Cinnamon Toast + Chatter
I look over at him as he smiles and laughs so hard that his crow’s feet appear and no sound comes out of his mouth. I don’t remember what I said that made him laugh like that, all I know is that I am laughing too. His bronze skin glistening as his hairline perspires in result of the August sun. After surveying the recent building progress that is our home, we drive toward the city where we live out our next few months in our first apartment as a married couple. We have gas station food in one hand and sodas in Styrofoam cups but you’d think we were on our way to glory. I talk about my top 3 girl’s names for our baby one day while he replies with the top 3 boy’s names and finishes very quickly, “but we’re not ready yet, love. We just need some more time.” So I smile and look out the window and suddenly appreciate this quiet time with my husband that one day will be changed. Forever.
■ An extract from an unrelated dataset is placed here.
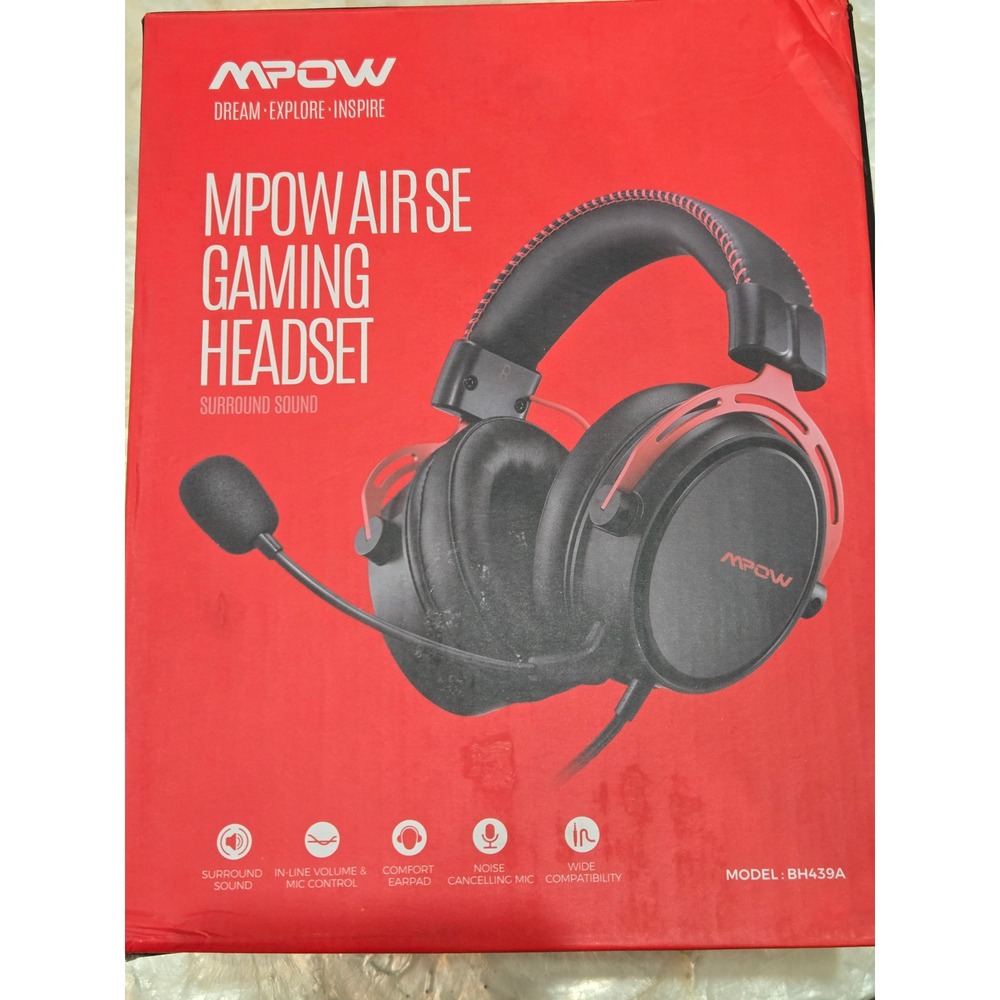 MPOW AIR SE Gaming Headset Surround Sound Noise Cancelling Mic‎ Black Red BH439A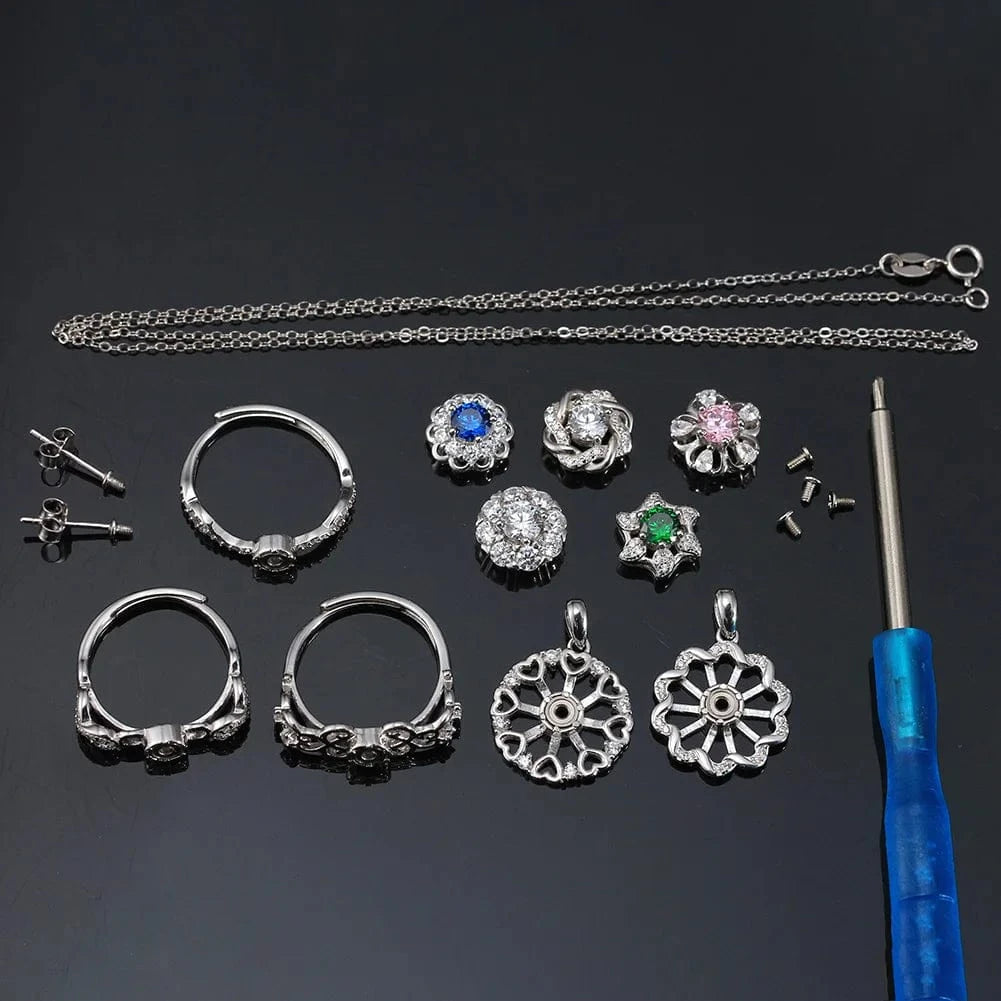 RINNTIN LMC01 Luxury Round Cut 8A Premium Cubic Zirconia Detachable Rotatable Charms 925 Sterling Silver Jewelry Set For Women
One day I will be naming the farm animals with our baby while my husband focuses on traffic. One day I will be up at 2 am lullabying the baby back to sleep instead of making midnight brownies with Daniel because we can’t sleep and have a hankering for sweets. One day our Saturday Netflix binges will no longer exist because we’d rather take our kids to their morning t-ball game, spend a couple hours at the children’s library, all pile on mommy and daddy’s big bed for an afternoon nap, then finish the day with dinner at grandma and grandpa’s farm. It’s beautiful to think about, the ideal future we all ponder. Sometimes I get so caught up in building my future that I forget about building my present. Am I appreciating this little apartment we have on the second floor in the city? We have it easy right now that we’re paying rent rather than a mortgage. Am I enjoying our quiet, uninterrupted mornings of cinnamon toast and chatter? Am I appreciating my partner for who he is today? He is young, creative, spry, and ready for adventure. Am I appreciating him before he changes tomorrow and before he becomes a dad and we change forever?
It really is astounding when you take a step back and look at a moment for what it truly is. Not a potential Instagram post that will be forgotten tomorrow, not a fleeting minute where you’re waiting for the next. Just now. For what it is. As I venture through my discovery of slow living, I have noticed that I am discovering more of myself, as well. I think I like this journey I am on.